Carenza personale Oss negli ospedali, Bigon (Pd): «Il ricorso al Tar rischia di bloccare tutto»

«La Giunta deve chiarire con la massima urgenza come intende garantire la copertura dei posti messi a concorso», spiega senza giri di parole la consigliera regionale del Pd Bigon

«Il problema della carenza di Operatori sociosanitari nelle Ulss è destinato ad aggravarsi ulteriormente nel caso venga annullato il concorso pubblico per 312 posti bandito da Azienda Zero, su cui pende un ricorso al Tar. Cosa intende fare la Regione per far fronte all’emergenza e quali saranno le conseguenze sui rapporti di lavoro attualmente in essere?». Tali domande arrivano dal Partito Democratico veneto che ha presentato un’interrogazione, prima firmataria la consigliera Anna Maria Bigon e sottoscritta dai colleghi Claudio Sinigaglia, Bruno Pigozzo (tutti membri della Quinta commissione) e dal capogruppo Stefano Fracasso.

Un’interrogazione in cui viene espressa preoccupazione circa l’esito del ricorso sul concorso, indetto lo scorso 13 febbraio, che sarebbe stato presentato da alcuni degli 11mila partecipanti, segnalando presunte anomalie durante le prove.

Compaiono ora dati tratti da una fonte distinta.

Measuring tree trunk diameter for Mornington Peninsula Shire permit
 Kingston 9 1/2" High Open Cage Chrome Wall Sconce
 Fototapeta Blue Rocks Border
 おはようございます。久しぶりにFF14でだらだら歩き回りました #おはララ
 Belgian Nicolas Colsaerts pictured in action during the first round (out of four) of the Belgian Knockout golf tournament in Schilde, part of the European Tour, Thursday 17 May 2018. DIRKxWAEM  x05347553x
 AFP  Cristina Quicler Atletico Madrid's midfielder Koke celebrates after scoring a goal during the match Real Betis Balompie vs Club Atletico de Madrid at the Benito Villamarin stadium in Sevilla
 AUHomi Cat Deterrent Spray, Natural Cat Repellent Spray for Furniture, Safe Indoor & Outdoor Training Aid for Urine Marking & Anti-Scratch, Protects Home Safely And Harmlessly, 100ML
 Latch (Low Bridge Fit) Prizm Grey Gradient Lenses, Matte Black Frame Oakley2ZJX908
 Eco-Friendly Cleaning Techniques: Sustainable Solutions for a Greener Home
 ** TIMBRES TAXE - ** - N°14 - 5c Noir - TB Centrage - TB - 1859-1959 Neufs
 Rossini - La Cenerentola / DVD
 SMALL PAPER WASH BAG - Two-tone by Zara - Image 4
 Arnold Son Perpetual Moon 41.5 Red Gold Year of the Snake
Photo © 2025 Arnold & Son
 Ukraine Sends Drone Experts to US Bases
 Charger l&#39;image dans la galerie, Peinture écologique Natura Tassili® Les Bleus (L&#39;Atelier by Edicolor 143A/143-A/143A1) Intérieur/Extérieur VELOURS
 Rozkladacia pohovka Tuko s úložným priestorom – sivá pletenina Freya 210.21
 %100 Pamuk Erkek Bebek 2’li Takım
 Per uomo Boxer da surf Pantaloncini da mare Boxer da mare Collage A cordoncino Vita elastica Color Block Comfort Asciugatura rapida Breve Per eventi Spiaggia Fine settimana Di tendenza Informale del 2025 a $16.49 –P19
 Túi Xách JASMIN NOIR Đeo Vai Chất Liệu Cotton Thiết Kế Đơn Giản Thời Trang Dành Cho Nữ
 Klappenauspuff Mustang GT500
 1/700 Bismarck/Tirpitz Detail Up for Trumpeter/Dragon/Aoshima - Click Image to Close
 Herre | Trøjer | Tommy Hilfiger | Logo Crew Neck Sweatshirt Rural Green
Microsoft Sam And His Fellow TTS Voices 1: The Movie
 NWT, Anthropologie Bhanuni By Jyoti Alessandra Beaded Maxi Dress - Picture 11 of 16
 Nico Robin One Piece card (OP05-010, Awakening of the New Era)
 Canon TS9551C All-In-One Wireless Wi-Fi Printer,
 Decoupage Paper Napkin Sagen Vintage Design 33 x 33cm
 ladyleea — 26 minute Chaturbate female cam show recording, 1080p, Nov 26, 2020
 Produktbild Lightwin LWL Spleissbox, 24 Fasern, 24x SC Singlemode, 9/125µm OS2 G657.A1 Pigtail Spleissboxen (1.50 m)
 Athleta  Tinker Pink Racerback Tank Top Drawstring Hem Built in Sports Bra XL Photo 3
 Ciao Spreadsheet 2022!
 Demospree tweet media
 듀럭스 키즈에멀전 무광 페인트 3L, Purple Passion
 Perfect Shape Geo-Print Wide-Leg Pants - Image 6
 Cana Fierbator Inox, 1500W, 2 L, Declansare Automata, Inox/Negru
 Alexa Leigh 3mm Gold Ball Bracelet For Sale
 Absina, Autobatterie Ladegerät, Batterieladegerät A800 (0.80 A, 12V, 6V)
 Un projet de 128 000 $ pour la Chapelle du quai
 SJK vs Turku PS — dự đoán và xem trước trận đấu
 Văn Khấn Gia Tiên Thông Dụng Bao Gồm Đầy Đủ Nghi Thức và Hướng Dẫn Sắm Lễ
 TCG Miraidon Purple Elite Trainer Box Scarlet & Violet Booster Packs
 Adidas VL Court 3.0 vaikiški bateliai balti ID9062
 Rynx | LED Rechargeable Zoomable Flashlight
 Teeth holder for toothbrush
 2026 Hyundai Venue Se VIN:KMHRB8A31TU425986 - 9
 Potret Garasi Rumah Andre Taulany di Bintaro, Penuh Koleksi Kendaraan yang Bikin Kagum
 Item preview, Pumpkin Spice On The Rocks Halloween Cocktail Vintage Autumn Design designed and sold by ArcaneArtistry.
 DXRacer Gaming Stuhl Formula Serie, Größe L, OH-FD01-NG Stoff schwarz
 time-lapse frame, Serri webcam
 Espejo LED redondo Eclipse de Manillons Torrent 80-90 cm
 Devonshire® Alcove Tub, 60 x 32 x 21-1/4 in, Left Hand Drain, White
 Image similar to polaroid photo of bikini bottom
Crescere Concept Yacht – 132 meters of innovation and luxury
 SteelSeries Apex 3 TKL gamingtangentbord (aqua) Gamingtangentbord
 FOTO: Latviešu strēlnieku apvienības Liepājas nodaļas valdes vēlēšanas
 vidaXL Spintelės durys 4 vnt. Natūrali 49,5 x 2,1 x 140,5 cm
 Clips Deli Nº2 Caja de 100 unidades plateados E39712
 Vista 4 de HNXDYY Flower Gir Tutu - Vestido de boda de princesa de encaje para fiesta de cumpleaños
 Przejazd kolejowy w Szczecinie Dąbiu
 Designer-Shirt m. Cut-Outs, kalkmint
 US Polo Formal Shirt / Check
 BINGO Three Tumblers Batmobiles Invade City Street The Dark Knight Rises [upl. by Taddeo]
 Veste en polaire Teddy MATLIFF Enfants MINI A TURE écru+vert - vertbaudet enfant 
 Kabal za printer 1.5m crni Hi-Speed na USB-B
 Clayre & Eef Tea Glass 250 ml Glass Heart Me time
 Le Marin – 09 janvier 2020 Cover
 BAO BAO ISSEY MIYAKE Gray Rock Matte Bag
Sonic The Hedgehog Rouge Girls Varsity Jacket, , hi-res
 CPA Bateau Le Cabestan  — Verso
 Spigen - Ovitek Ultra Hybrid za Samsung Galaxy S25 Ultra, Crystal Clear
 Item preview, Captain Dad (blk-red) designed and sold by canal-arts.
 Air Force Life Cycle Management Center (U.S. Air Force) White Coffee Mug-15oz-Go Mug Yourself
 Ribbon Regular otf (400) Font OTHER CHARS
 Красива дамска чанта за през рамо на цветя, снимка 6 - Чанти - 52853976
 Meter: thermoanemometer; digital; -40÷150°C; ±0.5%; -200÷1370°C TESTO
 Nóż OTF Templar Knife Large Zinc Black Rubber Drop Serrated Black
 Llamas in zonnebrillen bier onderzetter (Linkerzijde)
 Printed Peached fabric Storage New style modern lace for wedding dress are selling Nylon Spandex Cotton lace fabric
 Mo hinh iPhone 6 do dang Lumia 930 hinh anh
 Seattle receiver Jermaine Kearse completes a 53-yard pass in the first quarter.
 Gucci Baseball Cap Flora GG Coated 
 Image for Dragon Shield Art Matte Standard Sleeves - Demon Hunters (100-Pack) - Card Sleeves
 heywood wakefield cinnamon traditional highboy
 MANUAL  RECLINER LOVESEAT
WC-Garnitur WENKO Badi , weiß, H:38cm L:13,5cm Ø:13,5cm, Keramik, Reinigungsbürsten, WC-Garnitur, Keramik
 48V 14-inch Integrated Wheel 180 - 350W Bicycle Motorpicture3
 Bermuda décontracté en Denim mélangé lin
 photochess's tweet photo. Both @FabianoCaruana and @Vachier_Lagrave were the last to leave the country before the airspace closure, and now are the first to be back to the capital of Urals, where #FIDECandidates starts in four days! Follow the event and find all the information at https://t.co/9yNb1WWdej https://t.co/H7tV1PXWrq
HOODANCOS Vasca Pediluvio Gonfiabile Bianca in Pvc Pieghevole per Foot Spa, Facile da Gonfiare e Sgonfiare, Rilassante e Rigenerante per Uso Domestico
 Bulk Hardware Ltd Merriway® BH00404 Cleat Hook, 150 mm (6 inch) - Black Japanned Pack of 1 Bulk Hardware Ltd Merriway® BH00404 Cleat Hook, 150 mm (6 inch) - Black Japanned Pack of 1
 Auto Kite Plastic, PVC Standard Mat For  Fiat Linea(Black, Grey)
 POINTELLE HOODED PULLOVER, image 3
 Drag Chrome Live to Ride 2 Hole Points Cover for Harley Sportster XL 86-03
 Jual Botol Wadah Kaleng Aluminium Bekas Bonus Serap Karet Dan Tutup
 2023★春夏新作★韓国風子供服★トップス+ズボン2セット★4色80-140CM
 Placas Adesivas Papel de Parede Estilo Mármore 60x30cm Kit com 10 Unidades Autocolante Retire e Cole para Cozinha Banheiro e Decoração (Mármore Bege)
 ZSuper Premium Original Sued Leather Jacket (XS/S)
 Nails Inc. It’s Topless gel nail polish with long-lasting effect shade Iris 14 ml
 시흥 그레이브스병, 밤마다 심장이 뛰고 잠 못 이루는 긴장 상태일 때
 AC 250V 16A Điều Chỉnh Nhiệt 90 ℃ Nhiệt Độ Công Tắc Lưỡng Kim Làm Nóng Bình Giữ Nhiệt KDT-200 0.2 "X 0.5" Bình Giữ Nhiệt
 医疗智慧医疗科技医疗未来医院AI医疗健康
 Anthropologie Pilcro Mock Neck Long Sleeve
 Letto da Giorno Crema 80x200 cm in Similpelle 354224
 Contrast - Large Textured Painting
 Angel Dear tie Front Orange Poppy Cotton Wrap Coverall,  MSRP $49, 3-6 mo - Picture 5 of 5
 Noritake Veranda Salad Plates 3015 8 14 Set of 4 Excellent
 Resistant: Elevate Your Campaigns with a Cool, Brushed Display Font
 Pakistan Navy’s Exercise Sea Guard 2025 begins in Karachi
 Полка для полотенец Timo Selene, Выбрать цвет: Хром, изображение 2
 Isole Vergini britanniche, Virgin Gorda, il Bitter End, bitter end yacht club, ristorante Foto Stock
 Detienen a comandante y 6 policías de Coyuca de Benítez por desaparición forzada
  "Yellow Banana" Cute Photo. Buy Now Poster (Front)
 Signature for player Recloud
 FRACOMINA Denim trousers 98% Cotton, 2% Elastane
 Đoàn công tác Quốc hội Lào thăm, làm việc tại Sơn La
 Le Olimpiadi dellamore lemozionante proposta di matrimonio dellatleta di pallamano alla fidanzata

«La Giunta deve chiarire con la massima urgenza come intende garantire la copertura dei posti messi a concorso, - incalza la consigliera Anna Maria Bigon - nell’interesse delle persone che hanno bisogno di assistenza e degli stessi operatori. C’è chi si è licenziato da una struttura privata per lavorare nel pubblico, magari ha già firmato il contratto con una Ulss o lo Iov e adesso rischia di restare disoccupato nel caso in cui il ricorso dovesse essere accolto. Aggiungendo così al danno la beffa. E soprattutto, - conclude l'esponente Pd Bigon - si andrebbe a prolungare un’emergenza-personale, diventata ormai strutturale, quando invece c’è una richiesta sempre maggiore di queste figure. Un fatto inaccettabile, a cui la Regione deve porre rimedio».